Looking Back Not In Anger But In Sadness


Image used under a Creative Commons license courtesy of hugochisholm.

I don't listen to the radio very much on a day-to-day basis.  We live in the era of the iPod so much that I never even bothered to find a station in the DC area, leaving me lost when I hop in a ZipCar.  But when I go home to visit my parents, I vacillate between KISS 108 and 104.5.  And the latter almost always leads me to that inevitable moment when you revisit something from your past that you remember fondly, only to discover that it was probably always terrible.  This visit around, it was Meredith Brooks' "Bitch," a blast from the ancient past, by which I mean 1997.

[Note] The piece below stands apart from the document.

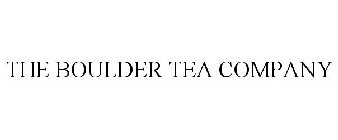 THE BOULDER TEA COMPANY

I can't say why, exactly, I retain such good memories of the song.  I was thirteen when it came out, and hearing a woman howl "I'm a bitch!" on the radio seemed...daring, I suppose, a year before "Baby One More Time" hit airwaves and a new generation of young female singers began redefining those standards.  But the lyrics are really kind of dreadful, and the message is worse.  "I'm your hell, I'm your dream / I'm nothing in between."  Really?  Maybe it's just that at 25 I feel a little weary of all this nonsense, but do we really want to celebrate that kind of female mercuriality?  Is being nice to a dude part of the time supposed to make up for treating him terribly the rest of the time?  Is it authenticity or just an excuse to act out?  And that whole "I'm a goddess on my knees," thing?  Well, there are some meaningful ways to talk about the power of submission, but the whole thing comes across as semi-crude and just another one in a list of opposites.  And that's the most sophisticated the song gets.